> YOUR INSTRUCTIONS
Give the data below again exactly as written, without its pictures.
[DATASET SECTION — start]
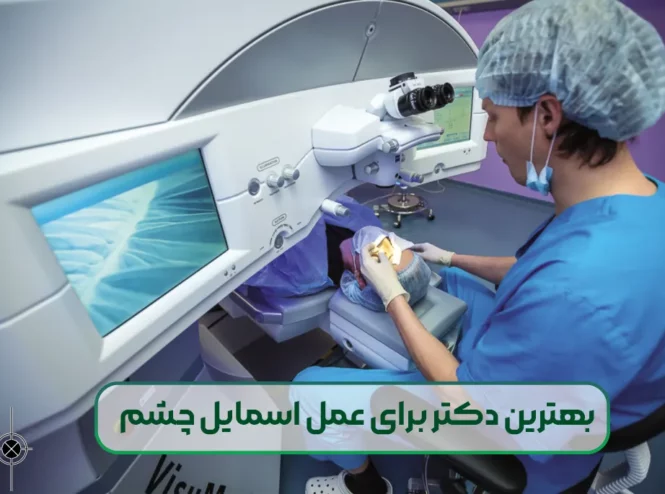 بهترین دکتر برای عمل اسمایل چشم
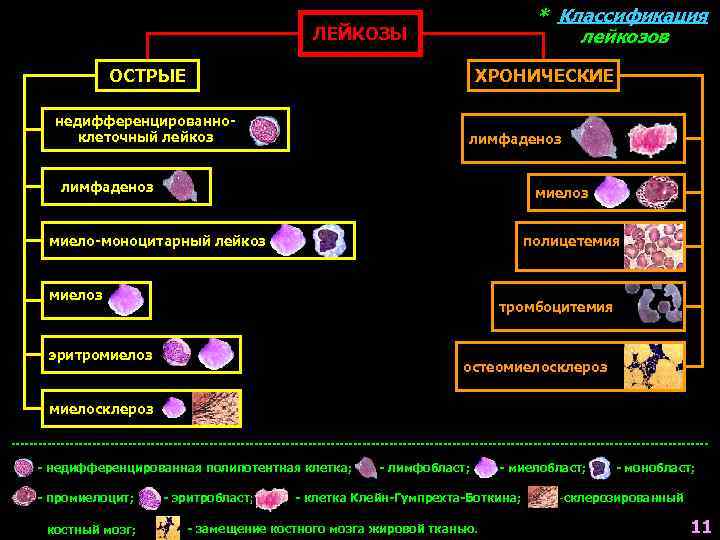 * Классификация лейкозов ЛЕЙКОЗЫ ОСТРЫЕ ХРОНИЧЕСКИЕ недифференцированноклеточный лейкоз лимфаденоз миело-моноцитарный лейкоз полицетемия миелоз тромбоцитемия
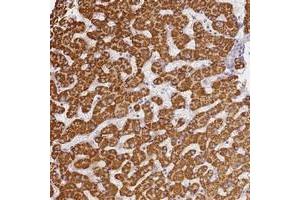 Immunohistochemical staining of human liver with SLC38A9 polyclonal antibody  shows strong cytoplasmic positivity in hepatocytes.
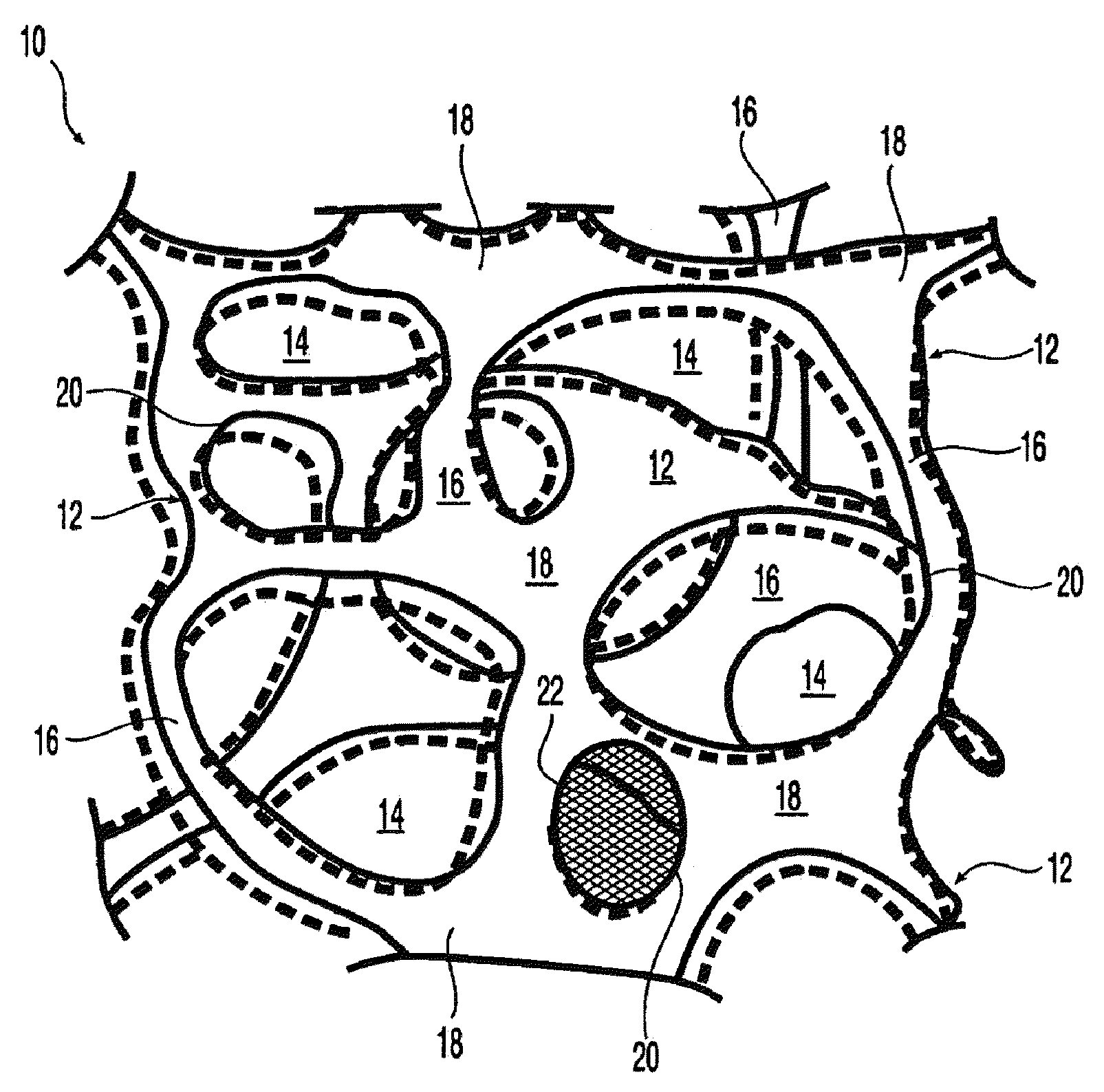 At least partially resorbable reticulated elastomeric matrix elements and methods of making same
[DATASET SECTION — finish]
> TASK RESPONSE
 بهترین دکتر برای عمل اسمایل چشم
 * Классификация лейкозов ЛЕЙКОЗЫ ОСТРЫЕ ХРОНИЧЕСКИЕ недифференцированноклеточный лейкоз лимфаденоз миело-моноцитарный лейкоз полицетемия миелоз тромбоцитемия
 Immunohistochemical staining of human liver with SLC38A9 polyclonal antibody  shows strong cytoplasmic positivity in hepatocytes.
 At least partially resorbable reticulated elastomeric matrix elements and methods of making same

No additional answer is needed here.